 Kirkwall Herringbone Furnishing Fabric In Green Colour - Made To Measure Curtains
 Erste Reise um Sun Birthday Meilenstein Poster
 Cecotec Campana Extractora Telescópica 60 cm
* * *
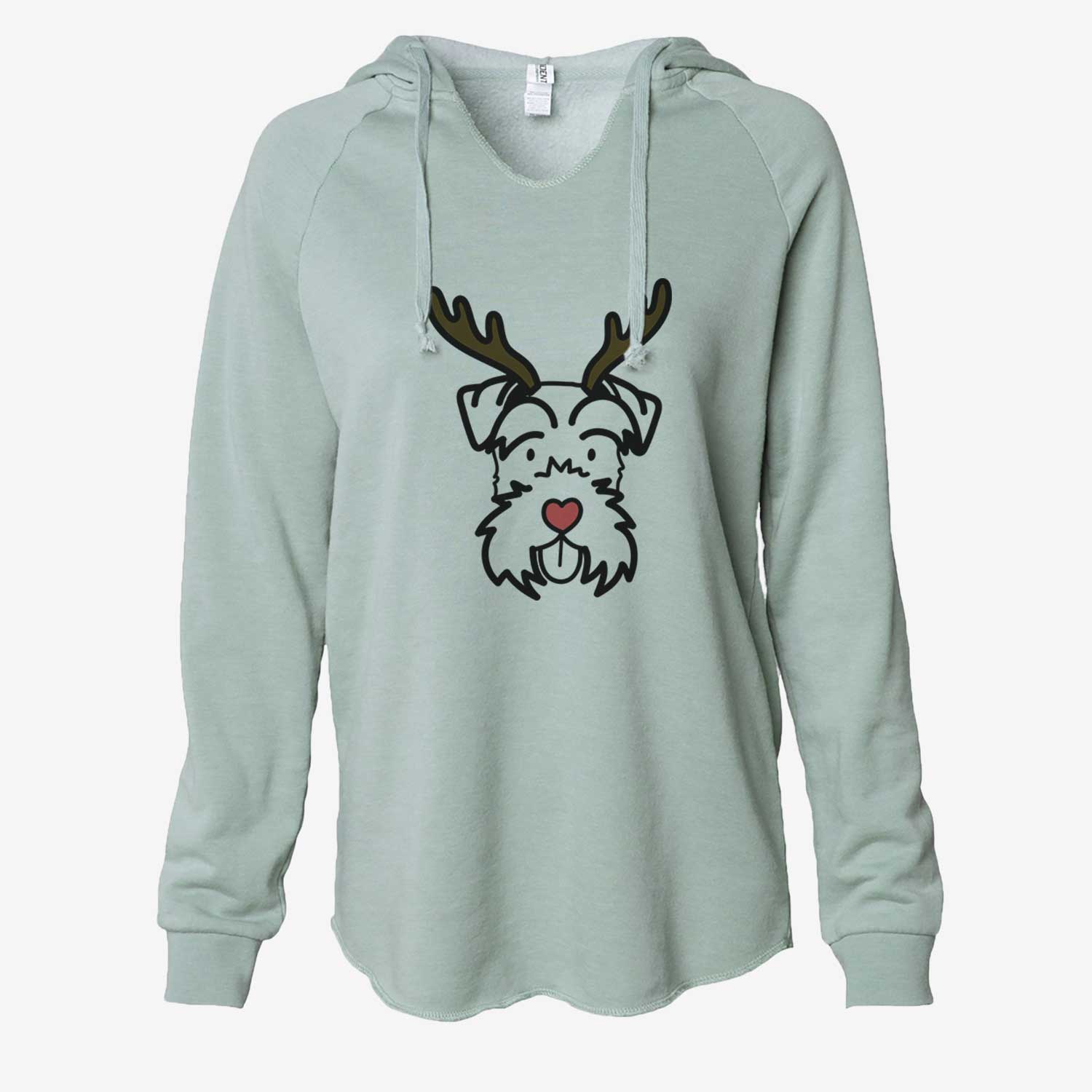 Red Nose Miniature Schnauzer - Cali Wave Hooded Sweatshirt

● Problem requirements:
The lines to extract from the data above begin with the line containing "Erste Reise um" and end with the line containing "Cecotec Campana Extractora Telescópica 60 cm". Extract them exactly, including both.

● Output of the task:
 Erste Reise um Sun Birthday Meilenstein Poster
 Cecotec Campana Extractora Telescópica 60 cm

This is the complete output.